Sunday, July 10, 2011
The map is done for level 1, and I absolutely love it… although I can’t claim credit for the design. I was more than inspired by this map; both the circular layout and the artistic technique in drafting it were things I emulated. You should check out Dyson’s blog- he’s brilliant. His work hits the exact sweet spot for me in evocative, helpful and clear design. I plan to cop his style for my future maps, and to limit the use of computer-generated designs as much as possible. The blocky designs have an old-school charm, but maps like this one are 5x better in all respects, to my mind.
Working from his original design, I cut down the number of crossovers from 4 to 3, cut down the total number of rooms, and added the natural cavern that includes a waterfall into the central pit. The heroes immediately have any number of choices in direction, and they can move around the thing with quite a bit of freedom.
Four immediate access points are in the northwest corner and in the west; these are both connections to rival dwarf mining clans. Both clans have established portcullises as a ‘fence’ between the dungeon complex (as unclaimed territory) and their mine complexes (as per official charters granted by the Council of Beldin Mere). Both clans clearly mark their borders, have magically-sealed portcullises, and leave guardians as well. There are several ways to get to the next lower level (an entrance at the bottom of the central pit, and the stairs on the eastern end are two ways), although others surely exist… eventually.
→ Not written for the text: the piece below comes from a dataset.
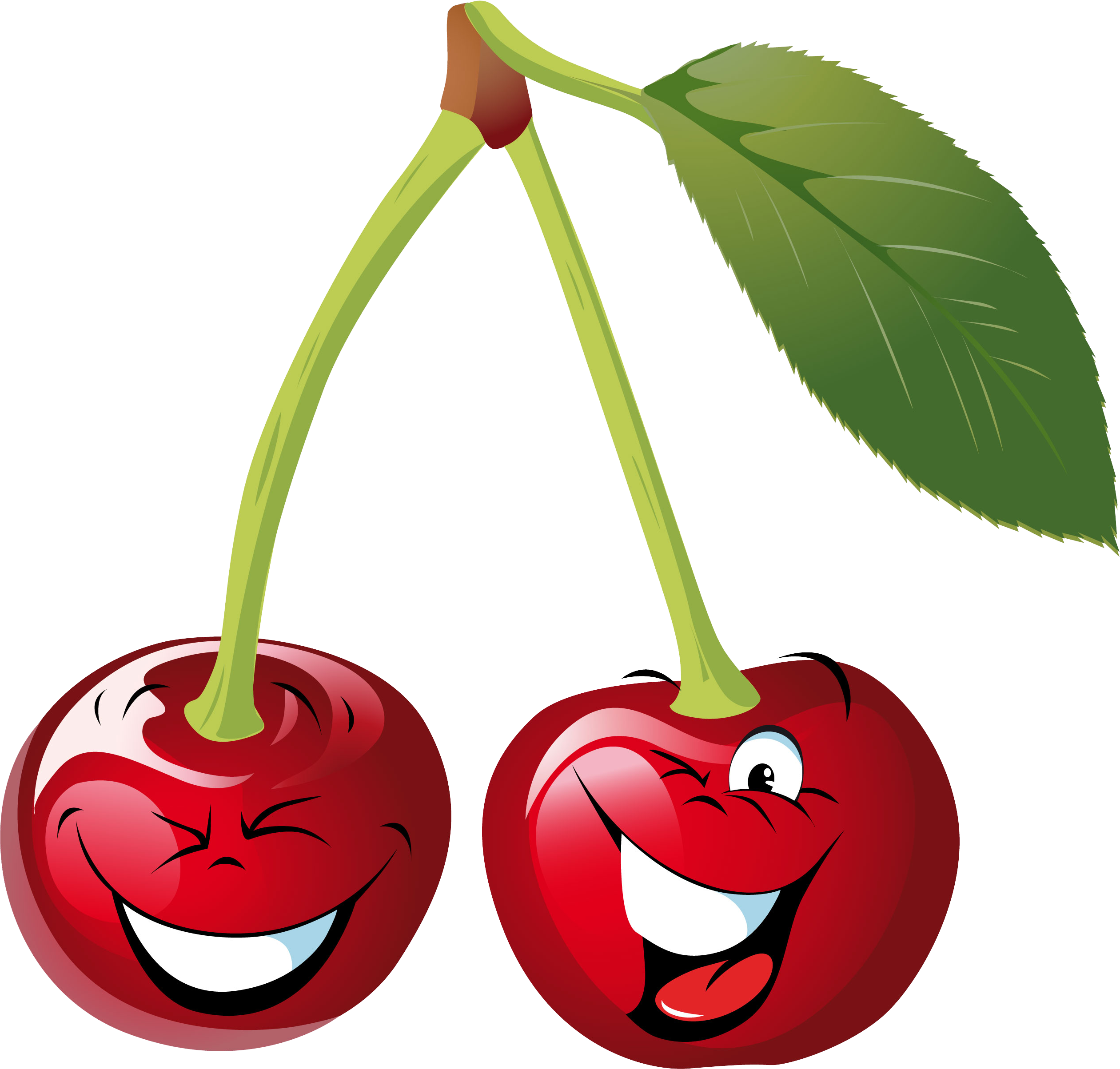 Clipart Kirschen (2521x2407)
My group of heroes will enter through the temple complex at the far eastern end. This temple rests directly beneath the Inn of the 99 Ears, and Trom Trollslayer has petitioned for and been granted a ‘special writ’ granting him property rights to all land directly beneath the confines of his inn. He therefore claims the temple itself as his (by property right), and wants to explore further down, to see what else may be his by right. Further, he wants to live vicariously through a group of young explorers; his wife would never allow him to undertake such reckless activity as dungeon crawling, but he craves the excitement of the adventuring life, and he’s hoping that by acting as the brains behind a young team, he can relive his glory days. He’s intentionally picked young, inexperienced but relatively trustworthy and honest folk for his fellowship, and expects to be fair with them; he sees them eventually becoming part of his extended family, but also knows that the life can be dangerous, and that it’s quite likely some (or all) will not survive long.